● Entries shown:
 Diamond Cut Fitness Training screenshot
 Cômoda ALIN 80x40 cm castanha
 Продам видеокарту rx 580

...

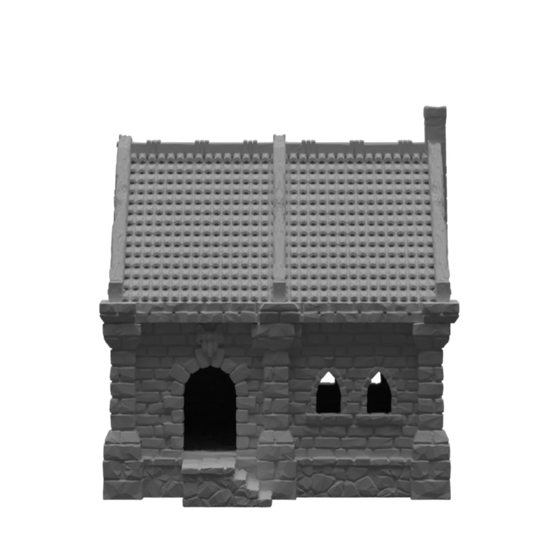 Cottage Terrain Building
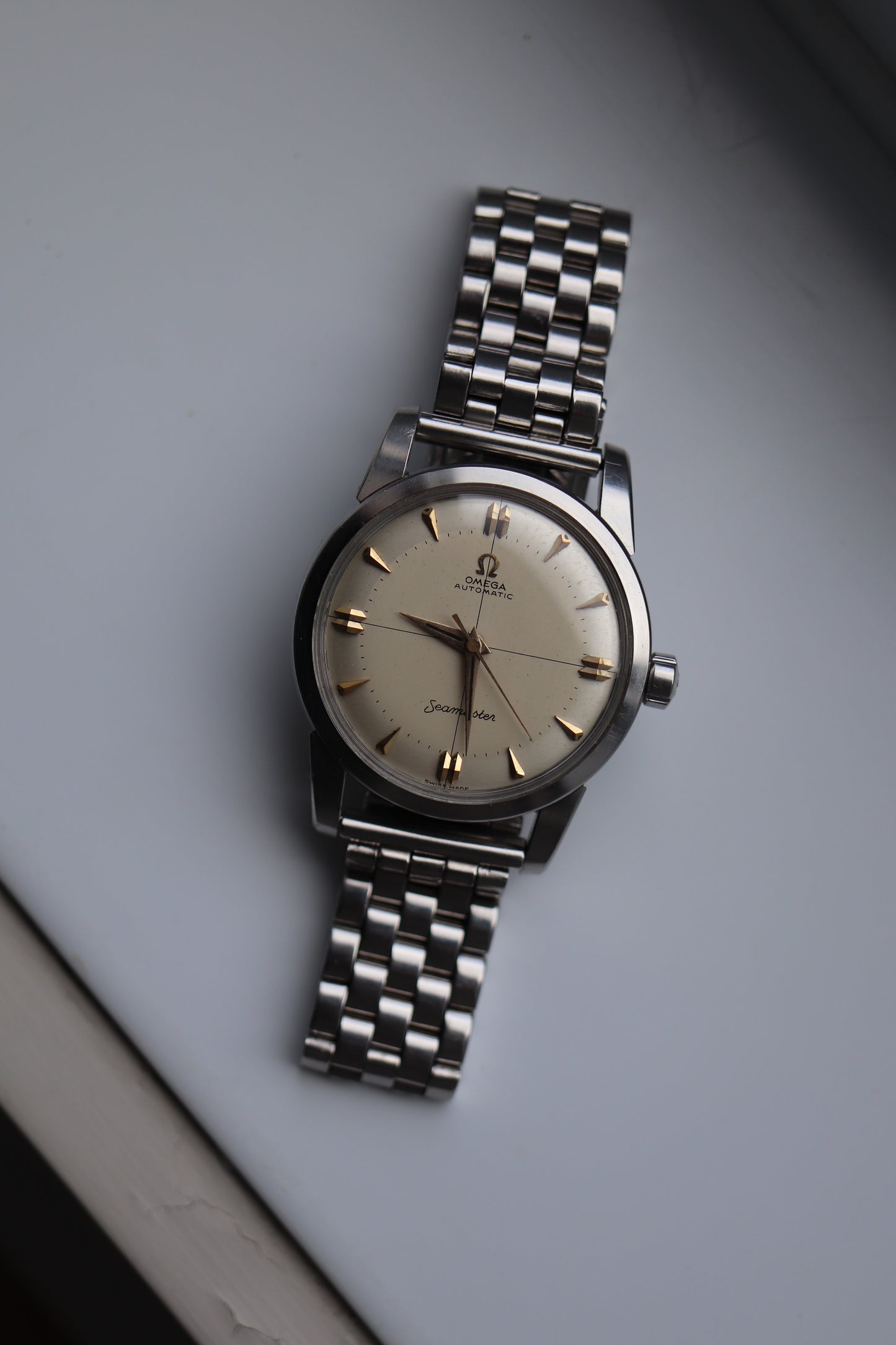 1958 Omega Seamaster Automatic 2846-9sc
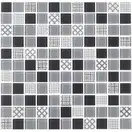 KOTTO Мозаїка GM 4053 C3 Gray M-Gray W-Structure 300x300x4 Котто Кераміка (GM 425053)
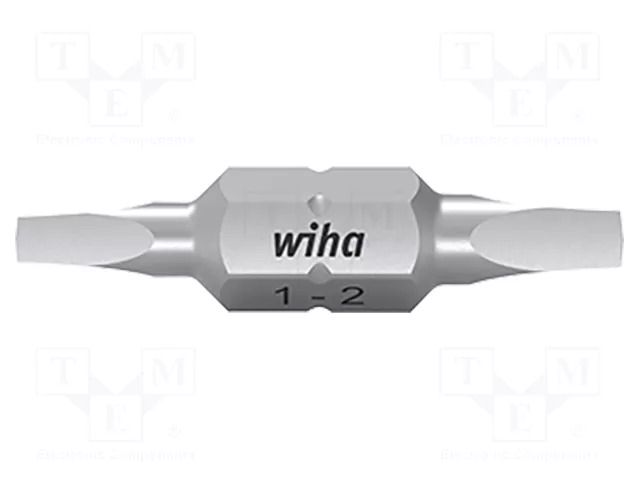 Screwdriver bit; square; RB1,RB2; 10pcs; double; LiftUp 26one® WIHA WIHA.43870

--

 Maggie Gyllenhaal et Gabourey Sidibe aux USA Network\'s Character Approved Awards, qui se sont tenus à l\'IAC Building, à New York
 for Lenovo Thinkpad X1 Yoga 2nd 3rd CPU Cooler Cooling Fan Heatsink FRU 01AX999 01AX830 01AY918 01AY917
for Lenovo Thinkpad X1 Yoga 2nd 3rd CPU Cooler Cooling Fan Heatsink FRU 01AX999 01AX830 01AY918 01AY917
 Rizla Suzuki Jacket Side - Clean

● Aim of the exercise: Where a line of the listing holds "Lenovo", show that line.

● Written response:
 for Lenovo Thinkpad X1 Yoga 2nd 3rd CPU Cooler Cooling Fan Heatsink FRU 01AX999 01AX830 01AY918 01AY917
for Lenovo Thinkpad X1 Yoga 2nd 3rd CPU Cooler Cooling Fan Heatsink FRU 01AX999 01AX830 01AY918 01AY917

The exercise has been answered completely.